St Nicholas of Myra Parish Penrith


Becoming a Catholic


Rite of Election 2011
Rite of Election 2011 at St Patrick's Cathedral, Parramatta.

Rite of Christian Initiation for Adults (RCIA)

Thinking of joining the Catholic Church?

Are you wondering what the Catholic faith is all about?


Do you know someone who is asking question?

Have you been worshiping with us, and now is the time to officially take the step to become Catholic?

Have you been away from the church...and have now returned, and want to know more?

Have you been a Catholic all your life, but never celebrated all of the Sacraments of Initiation (Baptism, Confirmation, and Eucharist)?

Have you joined us from a different background and would now like to find out more about the Catholic Church?

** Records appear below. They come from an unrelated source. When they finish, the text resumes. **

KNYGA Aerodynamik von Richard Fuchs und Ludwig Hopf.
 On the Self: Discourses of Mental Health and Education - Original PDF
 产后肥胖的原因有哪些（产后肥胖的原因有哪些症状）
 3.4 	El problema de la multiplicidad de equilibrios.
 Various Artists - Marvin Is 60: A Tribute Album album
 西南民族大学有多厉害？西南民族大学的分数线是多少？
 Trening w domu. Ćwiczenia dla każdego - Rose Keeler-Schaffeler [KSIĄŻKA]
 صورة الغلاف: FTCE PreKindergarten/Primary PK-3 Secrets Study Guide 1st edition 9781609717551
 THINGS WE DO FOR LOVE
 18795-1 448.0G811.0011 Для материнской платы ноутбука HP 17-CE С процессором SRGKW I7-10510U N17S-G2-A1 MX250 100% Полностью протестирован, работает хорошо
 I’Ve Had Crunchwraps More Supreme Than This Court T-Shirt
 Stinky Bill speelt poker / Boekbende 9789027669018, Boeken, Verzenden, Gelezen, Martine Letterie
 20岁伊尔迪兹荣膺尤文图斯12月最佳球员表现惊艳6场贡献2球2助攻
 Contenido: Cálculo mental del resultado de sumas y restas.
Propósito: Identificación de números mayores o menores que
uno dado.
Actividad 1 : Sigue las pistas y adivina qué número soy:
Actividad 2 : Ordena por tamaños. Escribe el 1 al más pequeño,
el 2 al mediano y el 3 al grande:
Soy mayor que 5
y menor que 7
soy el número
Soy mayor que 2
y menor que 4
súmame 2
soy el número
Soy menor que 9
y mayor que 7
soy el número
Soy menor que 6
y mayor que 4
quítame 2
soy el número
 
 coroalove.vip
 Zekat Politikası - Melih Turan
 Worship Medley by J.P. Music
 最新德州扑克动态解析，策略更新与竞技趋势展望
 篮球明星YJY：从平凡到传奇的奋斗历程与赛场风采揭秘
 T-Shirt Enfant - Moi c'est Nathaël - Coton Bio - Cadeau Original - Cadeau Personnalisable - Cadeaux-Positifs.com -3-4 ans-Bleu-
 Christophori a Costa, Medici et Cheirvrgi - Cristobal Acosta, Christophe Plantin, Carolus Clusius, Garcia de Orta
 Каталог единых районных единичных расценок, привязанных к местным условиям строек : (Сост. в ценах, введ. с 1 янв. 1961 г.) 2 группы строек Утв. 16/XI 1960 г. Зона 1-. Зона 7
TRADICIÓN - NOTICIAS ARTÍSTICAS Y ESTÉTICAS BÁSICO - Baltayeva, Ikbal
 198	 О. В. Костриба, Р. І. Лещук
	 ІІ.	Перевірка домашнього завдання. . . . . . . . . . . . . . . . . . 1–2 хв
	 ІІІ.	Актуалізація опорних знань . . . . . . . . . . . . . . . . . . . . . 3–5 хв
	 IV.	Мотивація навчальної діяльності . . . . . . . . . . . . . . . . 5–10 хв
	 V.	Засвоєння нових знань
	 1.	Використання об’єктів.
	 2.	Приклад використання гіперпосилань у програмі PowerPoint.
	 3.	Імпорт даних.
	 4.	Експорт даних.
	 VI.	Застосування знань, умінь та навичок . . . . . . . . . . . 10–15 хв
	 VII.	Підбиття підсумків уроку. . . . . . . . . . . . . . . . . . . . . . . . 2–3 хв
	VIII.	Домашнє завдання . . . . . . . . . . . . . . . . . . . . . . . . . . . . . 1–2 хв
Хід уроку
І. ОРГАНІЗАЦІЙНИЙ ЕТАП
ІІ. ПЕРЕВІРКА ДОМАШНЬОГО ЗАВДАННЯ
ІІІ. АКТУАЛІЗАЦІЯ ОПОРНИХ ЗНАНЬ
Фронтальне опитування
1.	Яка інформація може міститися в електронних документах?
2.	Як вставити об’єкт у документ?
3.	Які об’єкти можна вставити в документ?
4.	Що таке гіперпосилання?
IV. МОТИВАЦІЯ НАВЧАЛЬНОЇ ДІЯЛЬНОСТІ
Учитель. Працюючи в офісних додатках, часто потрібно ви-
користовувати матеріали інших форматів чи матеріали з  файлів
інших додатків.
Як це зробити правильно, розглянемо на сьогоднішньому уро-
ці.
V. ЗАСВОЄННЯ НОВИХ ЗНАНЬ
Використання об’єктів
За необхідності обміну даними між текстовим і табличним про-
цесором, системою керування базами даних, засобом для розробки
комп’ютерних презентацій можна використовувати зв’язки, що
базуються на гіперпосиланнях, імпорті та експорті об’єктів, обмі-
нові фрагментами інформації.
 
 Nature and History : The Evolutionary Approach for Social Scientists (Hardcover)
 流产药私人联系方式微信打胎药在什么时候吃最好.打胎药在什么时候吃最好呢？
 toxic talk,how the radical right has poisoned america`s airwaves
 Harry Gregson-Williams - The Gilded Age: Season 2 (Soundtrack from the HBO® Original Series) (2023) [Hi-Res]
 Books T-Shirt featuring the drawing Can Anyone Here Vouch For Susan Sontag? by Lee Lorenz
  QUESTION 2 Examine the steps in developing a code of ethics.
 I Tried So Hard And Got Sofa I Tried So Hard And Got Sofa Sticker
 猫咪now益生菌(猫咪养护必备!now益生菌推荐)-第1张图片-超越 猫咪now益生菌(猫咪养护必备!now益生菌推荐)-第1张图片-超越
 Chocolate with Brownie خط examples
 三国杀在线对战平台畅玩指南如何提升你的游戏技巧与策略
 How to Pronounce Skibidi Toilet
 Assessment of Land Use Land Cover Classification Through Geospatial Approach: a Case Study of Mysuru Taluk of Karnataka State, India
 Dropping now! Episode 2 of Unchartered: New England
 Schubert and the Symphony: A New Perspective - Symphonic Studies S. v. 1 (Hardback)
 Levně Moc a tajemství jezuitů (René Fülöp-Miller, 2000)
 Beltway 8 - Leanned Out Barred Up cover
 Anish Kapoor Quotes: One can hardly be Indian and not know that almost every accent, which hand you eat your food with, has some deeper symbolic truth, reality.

Is it a little overwhelming?

Then the RCIA might provide the answer

Rite of Election St Nicholas of Myra Parish 2011
Rite of Election St Nicholas of Myra Parish 2011 St Patrick's Cathedral Parramatta.

The RCIA is the process by which non-Catholics become Catholic, and is the Church's way of preparing adults for Baptism. The Catholic Church warmly welcomes potential new members and provides a hospitable environment for anyone to learn about the Catholic Faith. This process is also open to those who have been baptised and are yet to receive the Sacraments of Confirmation and/or Eucharist (Holy Communion).

The framework of the RCIA in today's Church is based on the practices and terminology of the early Christians. Most adults entering the Catholic Church, or those just thinking about it, follow the RCIA process. It is the Church's way of ministering sensitively to those seeking to become members. The stages of the RCIA are a good model of basic faith development and a sound beginning to forming your life of faith in the Catholic Church.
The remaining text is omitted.